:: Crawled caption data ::

********

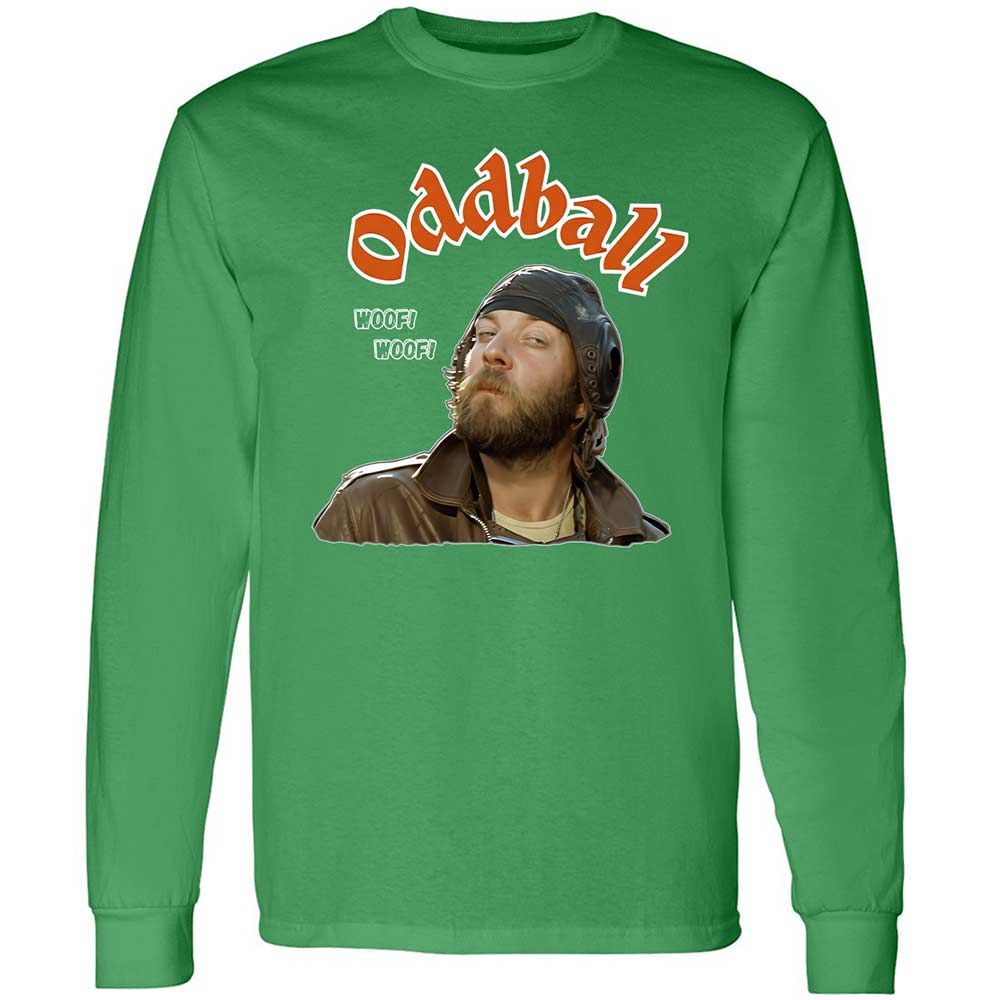 Long Sleeve T-Shirt - EA5LA1E3 - Irish Green - 10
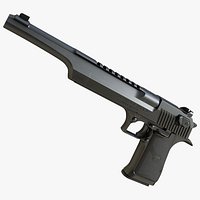 Desert Eagle Mark XIX 50AE 10inch 02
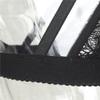 Women’s Sexy Lace Open-Bust Underwire-Free Halter Bra view 4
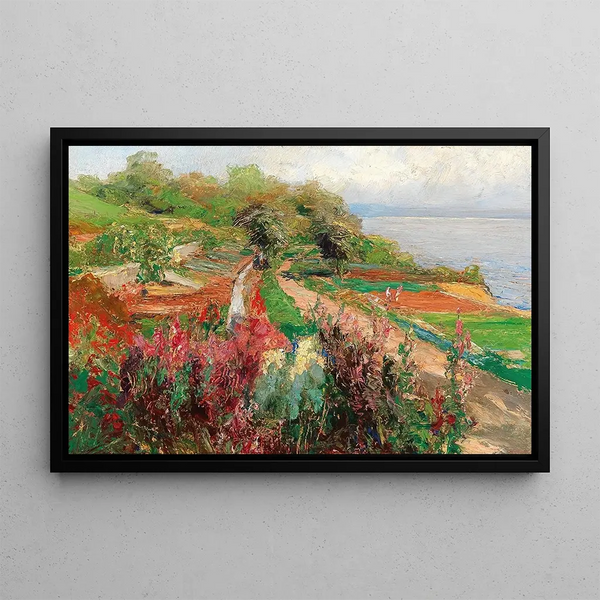 Olga WisingerFlorian - A coastal landscape.webp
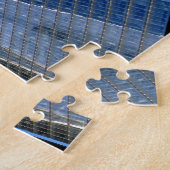 ニューヨークスカイライン – フリーダムタワー – ジグソーパズル (側面)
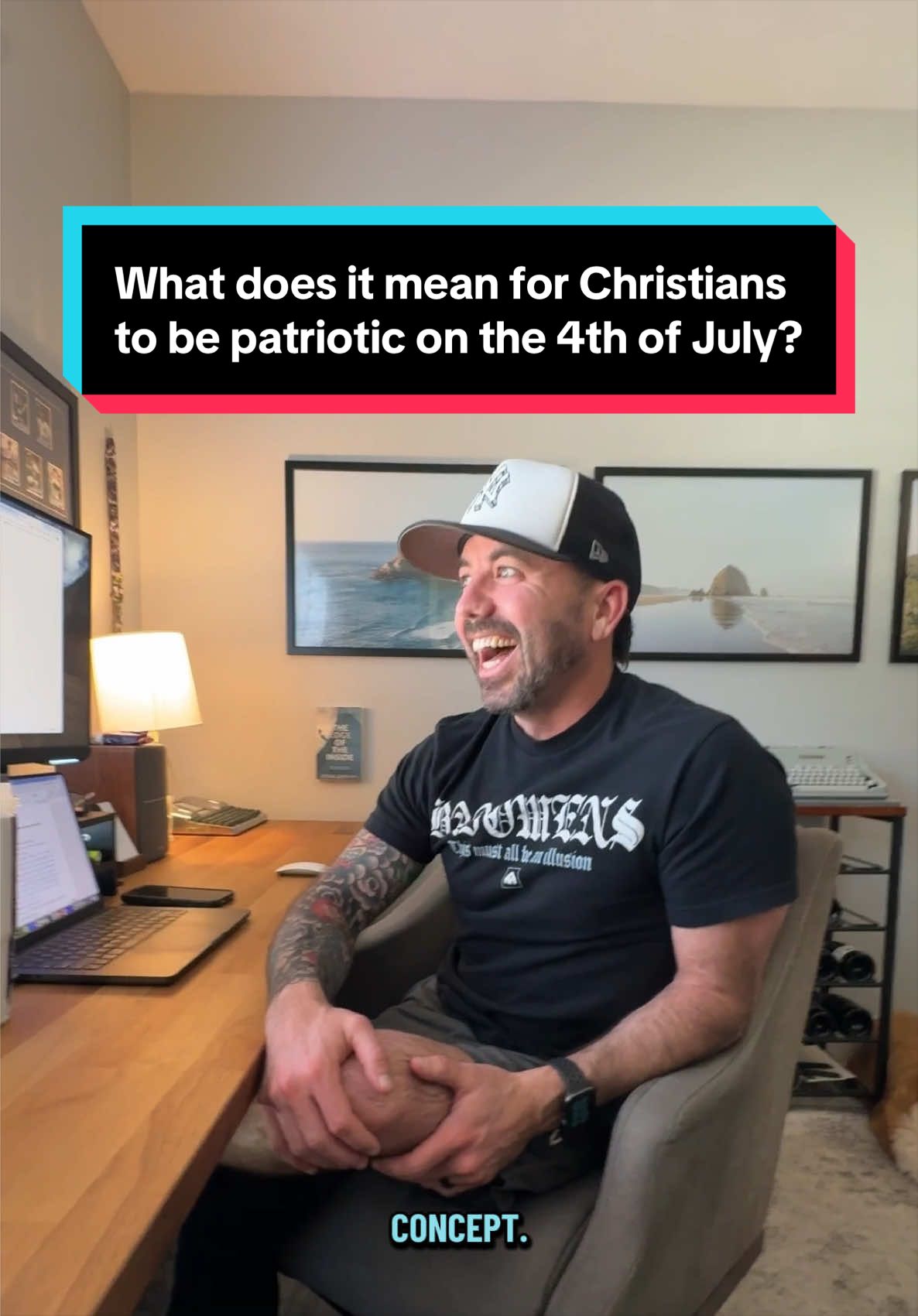 @Jeremy 🎙️ Not Your Pastor
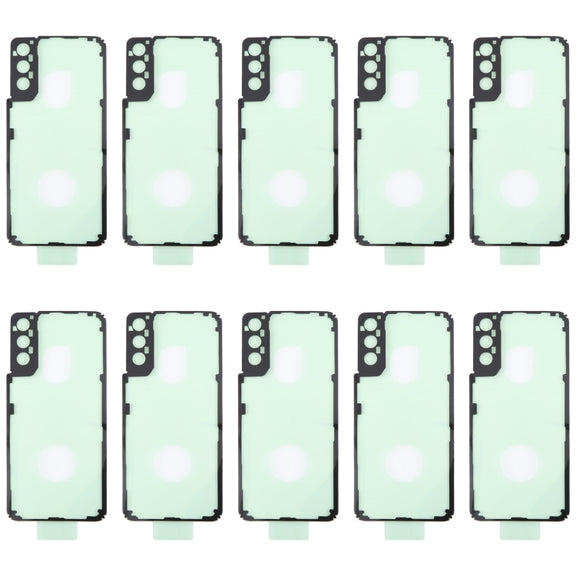 For Samsung Galaxy S21+ 5G 10pcs Back Housing Cover Adhesive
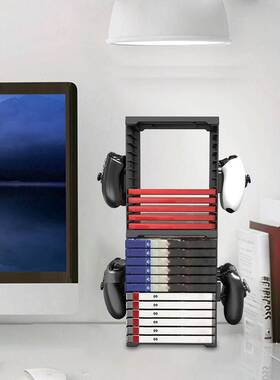 for PS5 Game CD Box Disc Rack Storage Rack for PS5 Host Dis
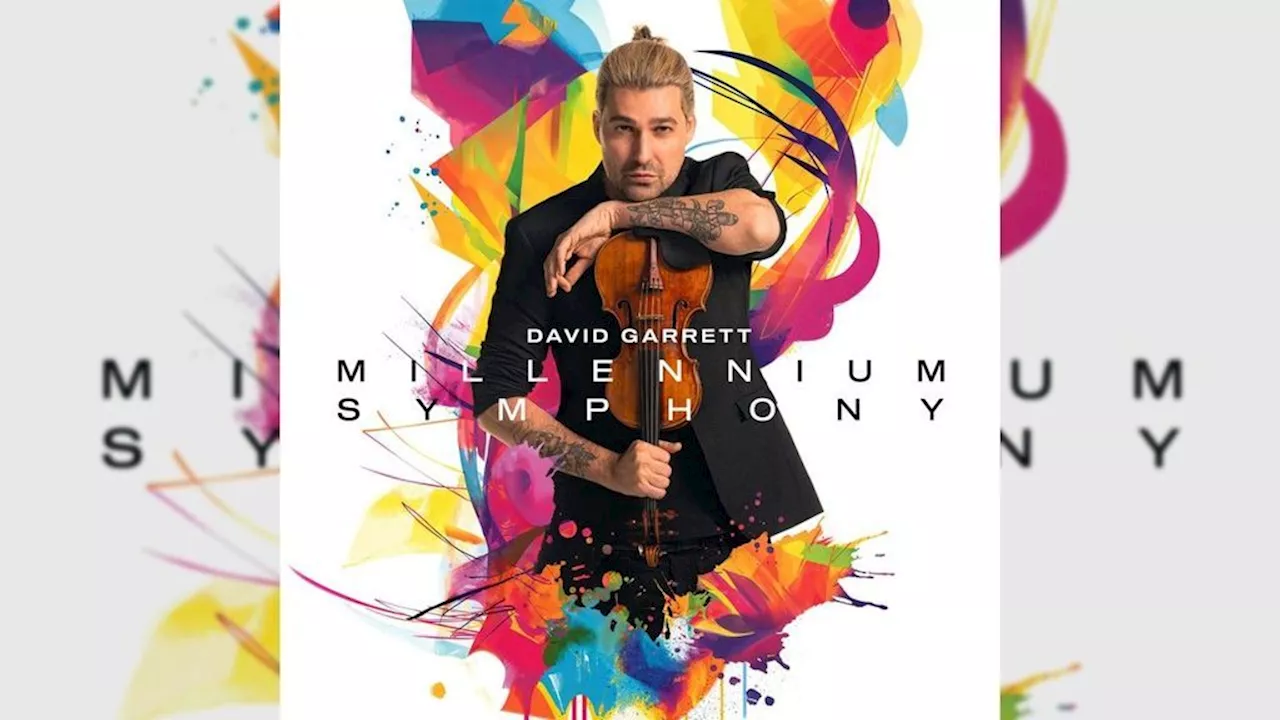 David Garrett veröffentlicht seine 'Millennium Symphony'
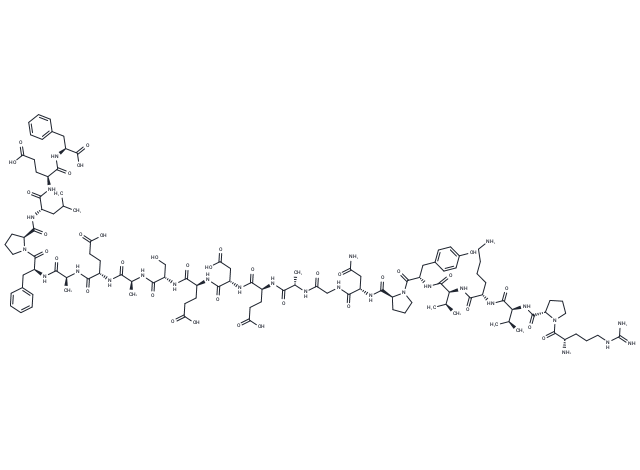 化合物 Adrenocorticotropic Hormone (ACTH) (18-39), human,Adrenocorticotropic Hormone (ACTH) (18-39), human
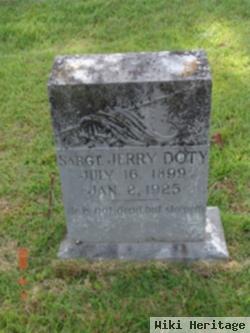 Sgt Jerry Doty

********

:: TASK DIRECTIONS ::
From the records above, copy only the lines running from the line holding "ニューヨークスカイライン – フリーダムタワー – ジグソーパズル (側面)" through the line holding "David Garrett veröffentlicht", with no pictures.

:: ANSWER ::
 ニューヨークスカイライン – フリーダムタワー – ジグソーパズル (側面)
 @Jeremy 🎙️ Not Your Pastor
 For Samsung Galaxy S21+ 5G 10pcs Back Housing Cover Adhesive
 for PS5 Game CD Box Disc Rack Storage Rack for PS5 Host Dis
 David Garrett veröffentlicht seine 'Millennium Symphony'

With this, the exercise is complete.